La lecture finale a dépassé l'estimation flash de 49,5, tirée principalement par une révision à la hausse en Allemagne. L'indice PMI composite du pays a été révisé à 49,5 contre 48,0 en lecture préliminaire, tandis que son PMI des services a bondi à 48,6 contre 46,8 en flash — le plus haut de la séquence actuelle de contraction de trois mois. La France est restée en contraction pour un sixième mois consécutif avec un indice composite de 47,2, bien que ce chiffre se soit amélioré par rapport au plus bas de 28 mois de mai à 44,9. L'Italie et l'Espagne ont enregistré des expansions plus fortes, avec des indices composites de 50,8 et 53,3 respectivement.
L'inflation des coûts des intrants des services s'est atténuée en juin pour la première fois depuis octobre, tombant à son plus bas niveau en quatre mois. Le taux de décélération a été le plus marqué depuis que S&P Global a commencé à suivre ces données en 1998, dépassé uniquement par les confinements liés au COVID-19 au début de 2020. Les prix de vente ont augmenté dans la plus faible proportion depuis mars. Ce ralentissement des pressions sur les coûts intervient alors que les prix du pétrole ont baissé pour un troisième jour consécutif après que le Qatar a indiqué que l'Iran et les États-Unis avaient progressé dans leurs discussions concernant le détroit d'Ormuz, apaisant les inquiétudes sur les perturbations de l'approvisionnement.
Ces données compliquent la trajectoire politique de la Banque centrale européenne après qu'elle a relevé ses taux d'intérêt en juin pour la première fois en près de trois ans. L'inflation dans la zone euro s'est établie à 2,8 % le mois dernier, encore bien au-dessus de l'objectif de 2 % de la BCE, mais le refroidissement quasi inédit des pressions sur les coûts des services renforce l'argument d'une pause parmi les responsables qui ont laissé entendre, lors de la conférence de Sintra cette semaine, que la hausse du mois dernier pourrait avoir été suffisante. La dernière fois que la BCE a procédé à une seule hausse suivie d'un statu quo remonte à 2011, lorsque la zone euro avait ensuite glissé dans la récession — un précédent qui souligne l'équilibre délicat entre le contrôle de l'inflation et le soutien à la croissance.

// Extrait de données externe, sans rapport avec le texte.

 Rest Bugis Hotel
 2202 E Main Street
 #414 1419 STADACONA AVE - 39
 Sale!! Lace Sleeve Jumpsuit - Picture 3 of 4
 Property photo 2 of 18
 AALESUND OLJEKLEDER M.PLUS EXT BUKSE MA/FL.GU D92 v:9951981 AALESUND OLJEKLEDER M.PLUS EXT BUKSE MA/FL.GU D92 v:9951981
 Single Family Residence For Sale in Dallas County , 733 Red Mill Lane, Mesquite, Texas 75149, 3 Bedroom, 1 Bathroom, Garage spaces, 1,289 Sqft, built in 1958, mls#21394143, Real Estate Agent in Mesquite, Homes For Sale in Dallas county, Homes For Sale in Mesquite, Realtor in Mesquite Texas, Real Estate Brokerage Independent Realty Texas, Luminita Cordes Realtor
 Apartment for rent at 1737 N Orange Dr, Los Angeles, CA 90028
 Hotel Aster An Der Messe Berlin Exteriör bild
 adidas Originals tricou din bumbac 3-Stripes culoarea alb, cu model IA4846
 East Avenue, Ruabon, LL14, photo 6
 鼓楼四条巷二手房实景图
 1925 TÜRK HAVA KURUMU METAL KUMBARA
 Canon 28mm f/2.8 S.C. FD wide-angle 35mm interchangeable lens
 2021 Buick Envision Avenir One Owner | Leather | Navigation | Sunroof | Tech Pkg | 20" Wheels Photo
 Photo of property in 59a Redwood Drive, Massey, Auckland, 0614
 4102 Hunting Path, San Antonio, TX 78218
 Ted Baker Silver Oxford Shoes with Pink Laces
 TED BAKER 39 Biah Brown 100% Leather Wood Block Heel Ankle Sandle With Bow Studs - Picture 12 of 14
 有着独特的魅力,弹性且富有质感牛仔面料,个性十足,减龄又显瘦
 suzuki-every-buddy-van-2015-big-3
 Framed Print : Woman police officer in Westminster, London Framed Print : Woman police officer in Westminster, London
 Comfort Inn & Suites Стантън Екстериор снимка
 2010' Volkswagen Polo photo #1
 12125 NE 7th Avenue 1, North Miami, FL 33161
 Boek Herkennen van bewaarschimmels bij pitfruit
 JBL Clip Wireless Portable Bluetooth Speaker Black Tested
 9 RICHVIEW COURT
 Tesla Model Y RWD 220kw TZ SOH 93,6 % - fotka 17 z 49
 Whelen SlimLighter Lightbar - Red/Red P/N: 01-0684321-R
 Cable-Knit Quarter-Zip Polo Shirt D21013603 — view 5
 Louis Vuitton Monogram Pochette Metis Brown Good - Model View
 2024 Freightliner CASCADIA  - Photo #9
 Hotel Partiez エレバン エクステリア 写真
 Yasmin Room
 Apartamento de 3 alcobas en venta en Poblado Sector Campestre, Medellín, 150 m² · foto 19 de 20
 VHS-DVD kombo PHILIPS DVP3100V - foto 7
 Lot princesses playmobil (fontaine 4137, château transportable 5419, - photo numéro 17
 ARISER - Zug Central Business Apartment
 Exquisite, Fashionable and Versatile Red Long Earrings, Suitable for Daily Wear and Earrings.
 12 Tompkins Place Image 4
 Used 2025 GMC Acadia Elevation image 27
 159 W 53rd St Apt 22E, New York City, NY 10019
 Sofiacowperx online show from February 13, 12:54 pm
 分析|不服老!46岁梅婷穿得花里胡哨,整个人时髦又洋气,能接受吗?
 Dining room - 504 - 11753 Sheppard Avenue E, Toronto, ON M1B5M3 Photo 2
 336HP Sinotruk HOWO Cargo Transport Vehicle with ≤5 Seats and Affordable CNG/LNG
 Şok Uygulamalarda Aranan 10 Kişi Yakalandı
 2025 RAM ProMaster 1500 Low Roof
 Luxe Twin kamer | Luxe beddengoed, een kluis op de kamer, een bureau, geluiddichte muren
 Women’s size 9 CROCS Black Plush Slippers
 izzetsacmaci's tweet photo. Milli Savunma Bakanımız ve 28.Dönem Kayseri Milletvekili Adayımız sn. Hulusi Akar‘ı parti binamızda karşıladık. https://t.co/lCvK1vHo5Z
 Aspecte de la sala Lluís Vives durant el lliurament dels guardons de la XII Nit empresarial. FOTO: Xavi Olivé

Malgré la stabilisation de l'activité, la demande est restée faible. Les nouvelles commandes dans les services ont baissé pour un troisième mois consécutif, et les commandes étrangères ont de nouveau diminué, bien qu'à un rythme plus lent qu'en mai. Les carnets de commandes ont continué de se réduire alors que les entreprises achevaient les contrats en cours. L'emploi dans le secteur des services de la zone euro est resté pratiquement inchangé en juin, bien qu'il ait enregistré le rythme d'embauche le plus rapide depuis janvier, inversant une légère baisse en mai. La confiance des entreprises s'est améliorée pour atteindre son plus haut niveau depuis février, suggérant que les entreprises s'attendent à une amélioration des conditions au second semestre.
La divergence au sein de la zone euro souligne la nature inégale de la reprise. La quasi-stabilisation de l'Allemagne — son PMI composite à 49,5 frôle le seuil des 50 — suggère que la plus grande économie européenne pourrait sortir de son passage difficile, tandis que la contraction prolongée de la France pointe vers des vents contraires structurels persistants. La vigueur périphérique en Italie et en Espagne, où les PMI des services sont montés respectivement à 50,2 et 54,2, a fourni le contrepoids qui a porté la lecture globale à 50,0.
Pour la BCE, ces données réduisent l'urgence d'un nouveau resserrement. Les marchés se concentreront désormais sur le point de savoir si le ralentissement de l'inflation des services se prolonge au troisième trimestre et si la stabilisation de la production peut être maintenue sans reprise des nouvelles commandes. La prochaine réunion de la BCE le 24 juillet offrira un premier test pour savoir si les décideurs considèrent les données de juin comme des motifs suffisants pour une pause.